Дорога на Кильдым… Кто знал, что она окажется такой долгой? Кто знал, что тракторист из Кынищ Игнат Мацюра, не выдержав побоев, поведет гитлеровцев по следам отряда? Кто знал?..
Геня напряг слепнущие глаза, вглядываясь в чужие небритые лица. Пальцы его снова вцепились в приклад автомата. Он считал секунды. Вот сейчас, сейчас должен мелькнуть знакомый курносый нос и темный чуб над глазами предателя. Но они все не появлялись в сгущавшихся сумерках перед плывущей Гениной мушкой. А секунды жизни шли… Из-под его изжеванного осколками тела расползалось по земле алое пятно. Стебли молодой травы при встрече с ним ржавели и клонились долу, как обожженные.
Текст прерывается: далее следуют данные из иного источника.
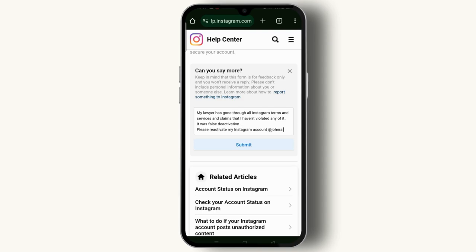Once you have submitted, you will get your disabled Instagram account back after a few hours with the help of Instagram. I hope this video was helpful. Thank you for watching and see you in the next video.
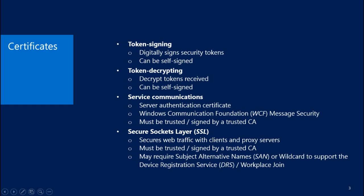Finally, we have the Secure Sockets Layer or SSL Certificate. This is used to secure web traffic with clients and proxy servers. It must be issued and signed by a trusted CA, and in production environments, you're going to want that to be a third-party CA. If you are going to use the Device Registration Service to support Workplace Join, you may need to use Subject Alternative Names or wildcards to support that.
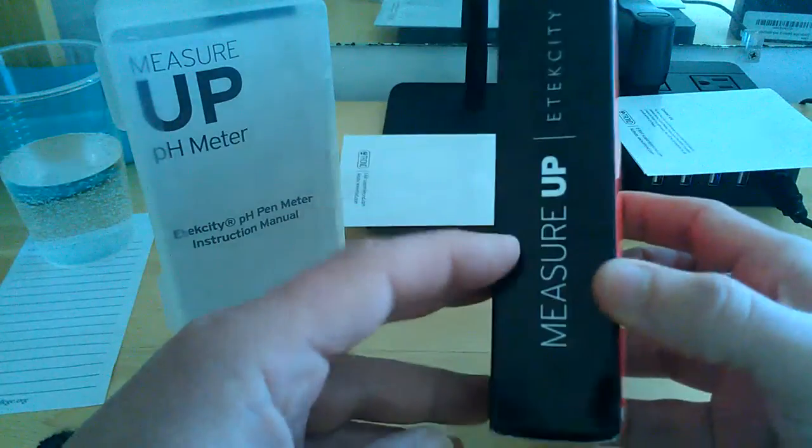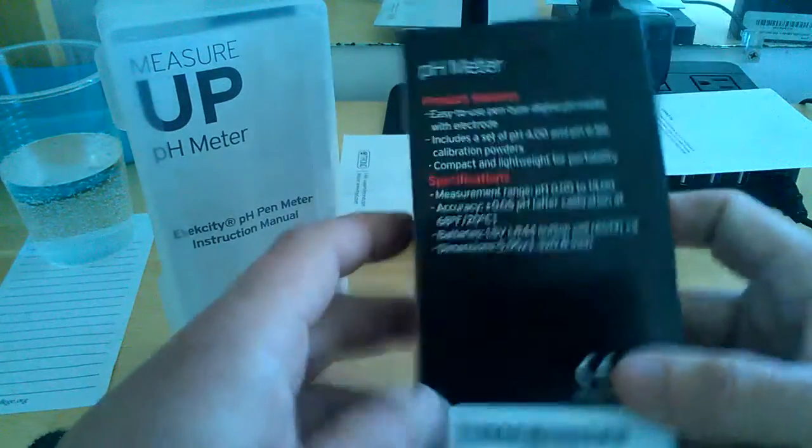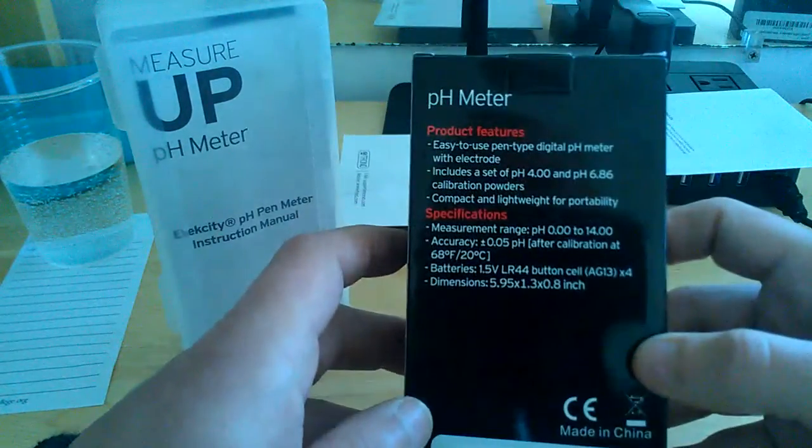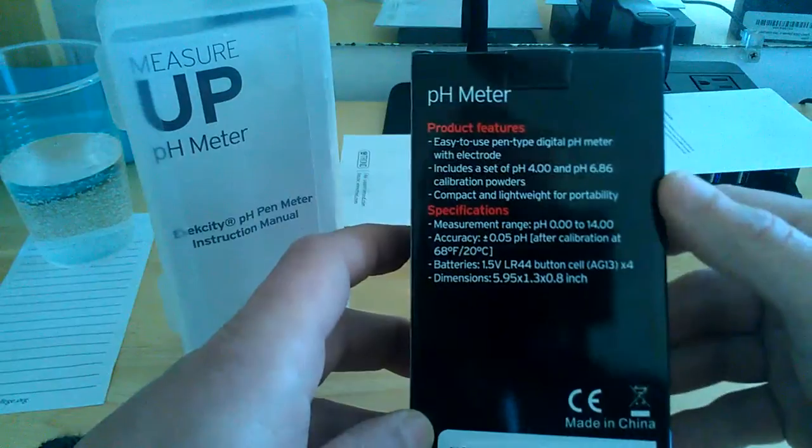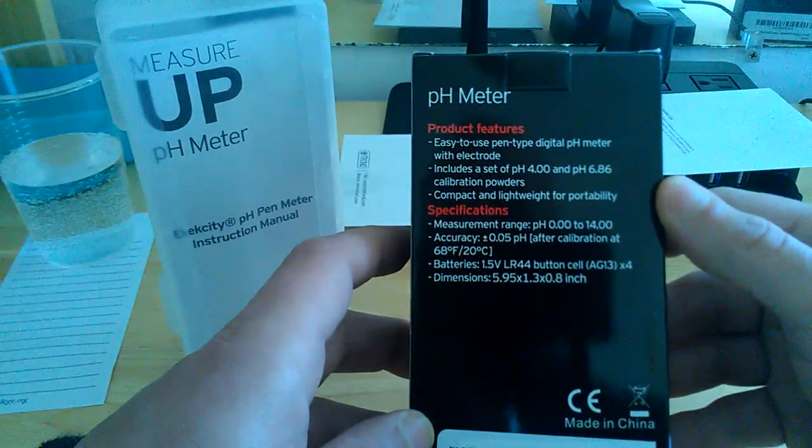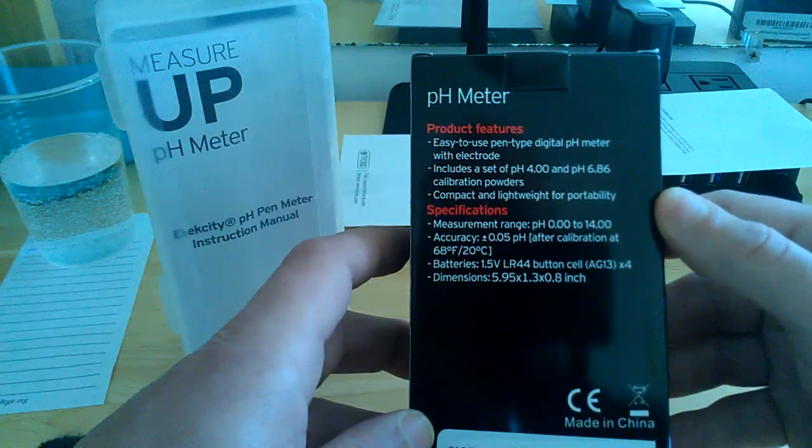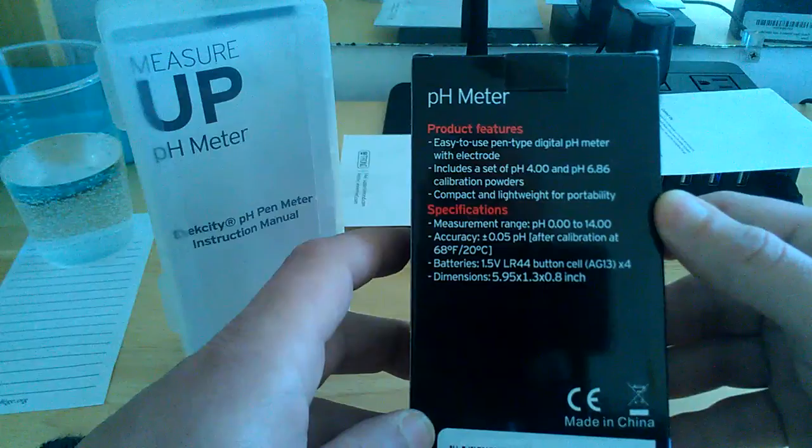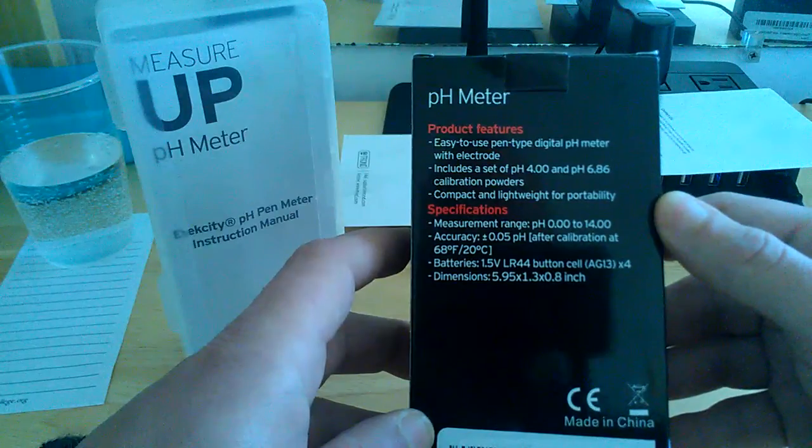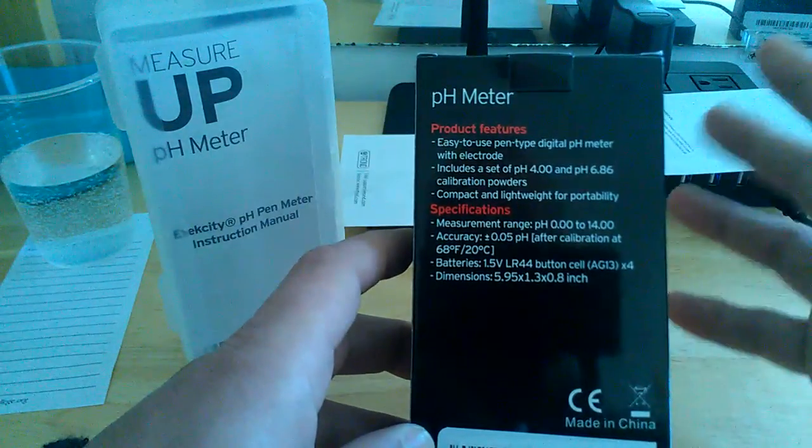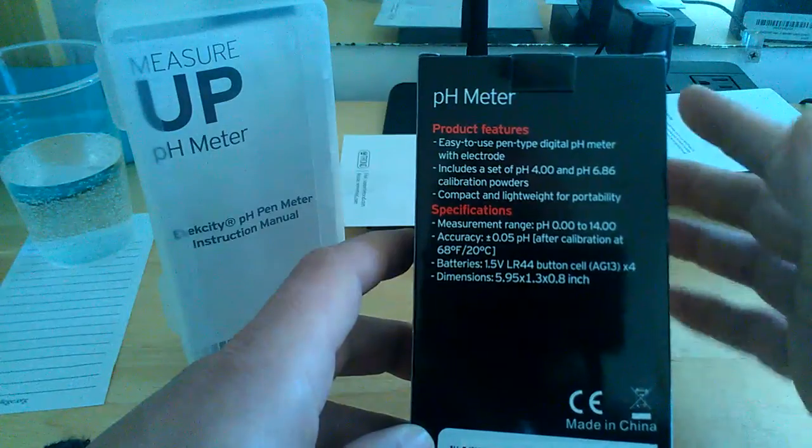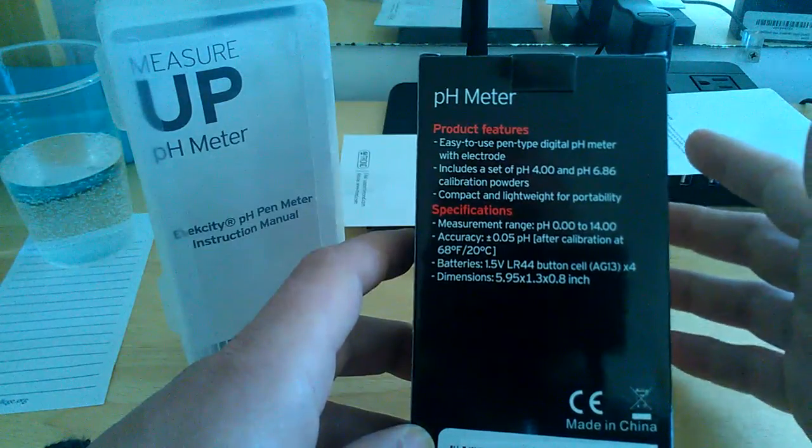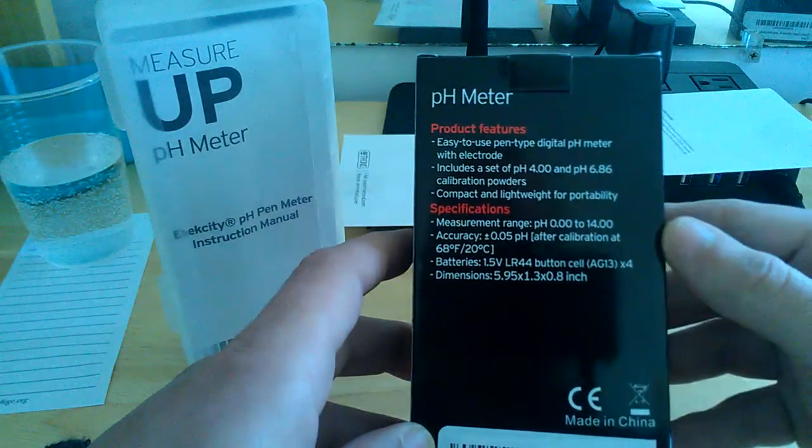Like I said, it's from their measure up line. The product features easy to use pen type digital pH meter with electrode. Includes a set of pH 4 and pH 6.8 calibration powders. Now what you use those for is a more precise reading, depending on the fluid that you are testing.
Дышать было все труднее. Невыносимым стал терпкий запах смолы, которой залечивало свои раны дерево. Откуда-то сверху упала на ствол автомата тяжелая смоляная капля, вспыхнув на мгновение живым янтарным огнем. Гене вдруг вспомнилось, что вот так же, вспыхнув, как эта капля, падал утром в лес потрепанный «Дуглас», посланный с Большой земли за ранеными.
Отчаянный летчик Славка Морозов сумел поднять самолет с лесной поляны под минометным огнем. Геня глядел тогда ему вслед из-под руки. Вместе с ранеными улетала санитарка Маруся, не чужой для Гени человек.
Самолет, натужно гудя моторами, попытался скрыться в туче, которая укрыла бы его до близкого уже Кильдыма — маленькой партизанской республики, на соединение с которой шел потрепанный отряд. Но возле этой тучи уже кружил, подкарауливая, «мессер». Славка пошел напролом, и самолеты исчезли в туче, гремя пулеметами. Потом они оба рванулись к земле в столбе пламени. Страшно было подумать, что внутри этого клубка исковерканного металла его Маруся, Маша, Машенька…
В небе долго еще звенел лопнувшей струной отголосок прошедшего боя.